Monitoring and restarting server (Linux)
Posted: Tue Apr 25, 2017 10:57 pm
Because my server sometimes falls asleep after finishing a map, I wrote this little bash script: It checks if the server is responding at port (usually) 7778, and, if not, all server instances are terminated and a new server instance is started. The script is still in beta status, so candle with hair. Also it is not tested for multiple different server instances on different ports. But for me it has run fine the last months. Maybe it is helpful for someone:
It is intended to run periodically; I run it via cron job every minute with .
The detecting program is taken from Wiki; I adjusted that to my needs:
ServerMonitor.sh
Code: Select all
#!/bin/bash
###############################################################################
#
# This script monitors a process (called "server" from now on) that should run forever. It needs an external program to detect server's alive status and another command to (re)start the server.
# It is intended to run from a cron job.
#
# Parameters: (none)
# Exit codes:
# 0 if server is responding or was (re)started successfully
# 1 on wrong variable settings, problems with needed files, failing server termination or starting
#
# History:
# 2017-02-26
# * first release
#
###############################################################################
################ monitoring related variables, prefix MONITOR_ ################
# name of this program
declare -r MONITOR_PROGNAME="ServerMonitor.sh"
# base dir for monitoring program:
declare -r MONITOR_BASEDIR=/home/ut99/ut-server
# Name of the log file for this program: (directory must exist)

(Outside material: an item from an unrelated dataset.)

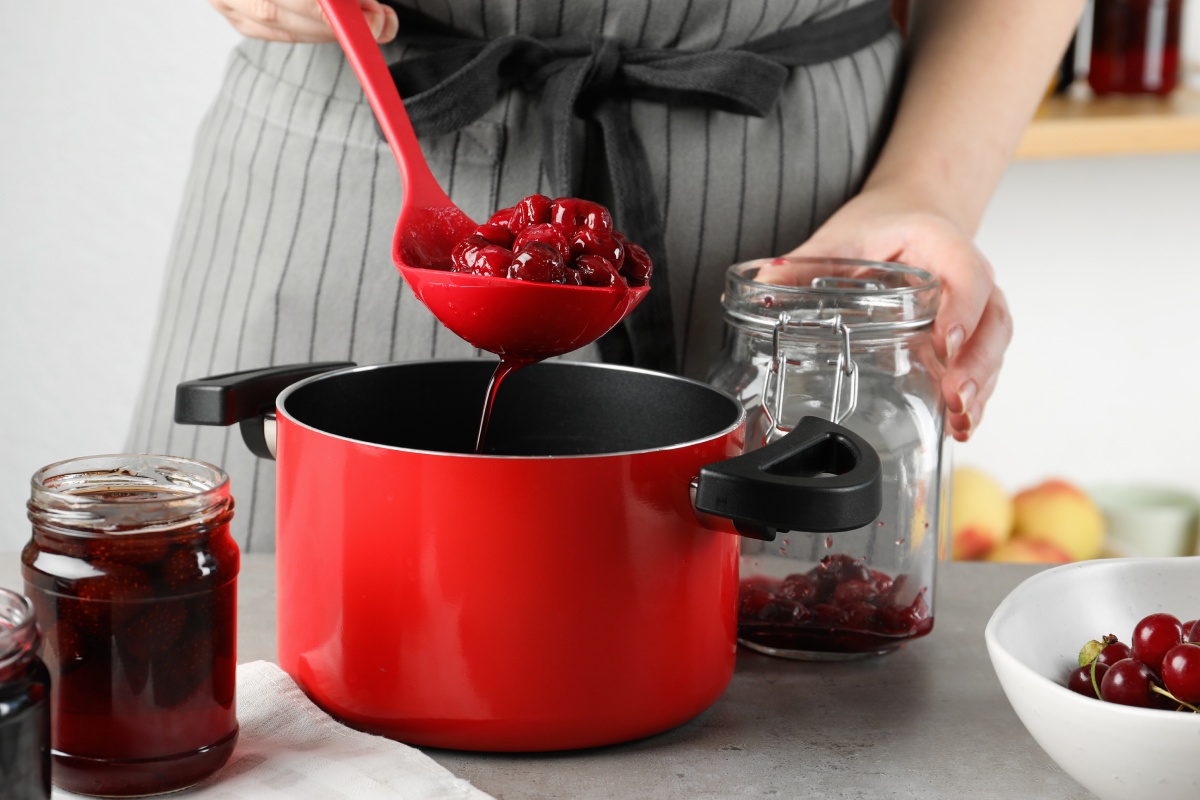 Person füllt Kirschkompott mit einer Kelle in ein Glas zur Vorbereitung für das Einkochen im Backofen.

declare MONITOR_LOGFILE=$MONITOR_BASEDIR/Logs/$MONITOR_PROGNAME.log
# default log level: see LOG_xxx constants for possible values
declare -i MONITOR_LOGLEVEL=3 # 3 = log infos
# Name of the monitoring control file. If it does not exist or does not contain a "1", this program terminates immediately.
declare MONITOR_CONTROLFILE=$MONITOR_BASEDIR/monitoring
# Name of the file where the PID of the monitoring process is stored.

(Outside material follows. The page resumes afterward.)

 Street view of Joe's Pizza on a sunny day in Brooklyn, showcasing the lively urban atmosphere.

# If this file exists, it indicates that another instance of this program is running and the monitoring program terminates instantly if a process with the given PID exists.
declare MONITOR_PIDFILE="$MONITOR_BASEDIR/run/$MONITOR_PROGNAME.pid"
# delay time after issuing an external command:
declare -i MONITOR_EXEC_SLEEP=3
################ program for checking server alive status, prefix SERVERALIVE_ ################
# command for checking server alive:
declare SERVERALIVE_CMD="$MONITOR_BASEDIR/utils/ServerAlive.pl"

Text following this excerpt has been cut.